Blésois ou Blaisois, telle est la question…
La question de savoir s’il faut écrire « Blésois » ou « Blaisois » a suscité des débats et les réponses varient selon que l’on se base sur l’étymologie, la philologie ou l’usage.
Du point de vue étymologique, il est nécessaire de remonter aux plus anciennes mentions du nom de Blois pour se faire une idée claire. Ces références remontent à l’époque mérovingienne. En 584, Grégoire de Tours mentionne les habitants du coin sous le nom de « Blesenses », mais il omet de donner le nom de la ville qu’ils habitent… Un siècle plus tard, au VIIe siècle, des monnaies mérovingiennes portent l’inscription « Bleso castro« . Certaines pièces de monnaie, créées selon le type monétaire de l’édit de Pîtres en 864, portent l’inscription « Blesianis castro ». Enfin, une charte datée de 903 situe une terre « in Blesis castro ». Naturellement, les textes médiévaux reprennent le même radical, que ce soit pour le château, « castello blesensi », ou pour les comtes de Blois, « Blesis comes ». Les premières chartes blésoises rédigées en français à la fin du XIIIe siècle ne mentionnent que les « habitants de Blois » sans les nommer de manière plus précise.

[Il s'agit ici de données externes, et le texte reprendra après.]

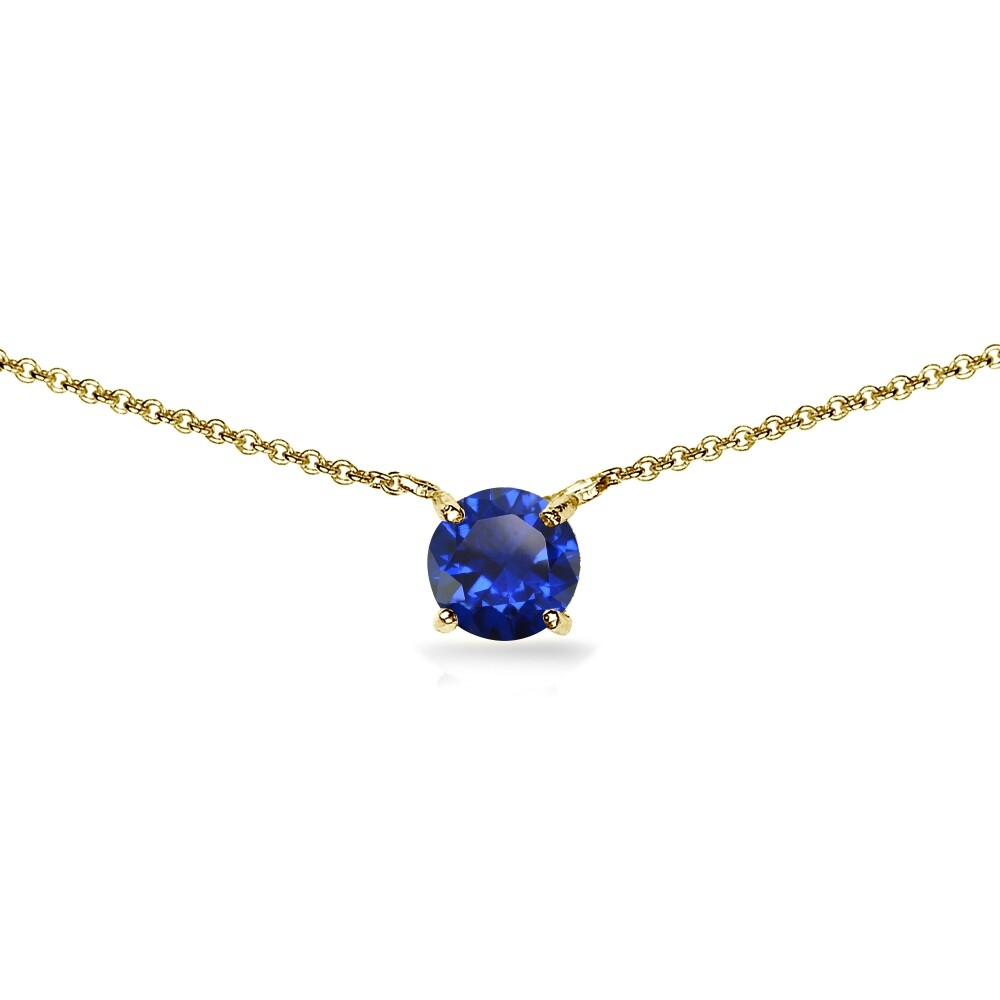Dainty 7mm Round Created Blue Sapphire Choker Necklace in Gold Plated 925 Silver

Au XIXe siècle, Touchard-Lafosse a voulu faire de « Castrum blesense » une déformation de « Castrum belsense », c’est-à-dire le château des Beaucerons, et Louis de La Saussaye a tenté de rapprocher « Blesia », l’ancien nom de Blois, de « Belsia », la Beauce. Ces étymologies sont tentantes mais invérifiables, juge Bruno Guignard dans « Blois de A à Z » (Alan Sutton). Qu’elles soient vraies ou non, il est indéniable que tous ces mots, Bleso, Blesianis, Blesis et leurs dérivés, s’écrivent toujours avec un « e » et non avec la diphtongue « ai ». Si l’on devait s’en tenir à l’étymologie latine, c’est bien la graphie « Blésois » qu’il faudrait adopter.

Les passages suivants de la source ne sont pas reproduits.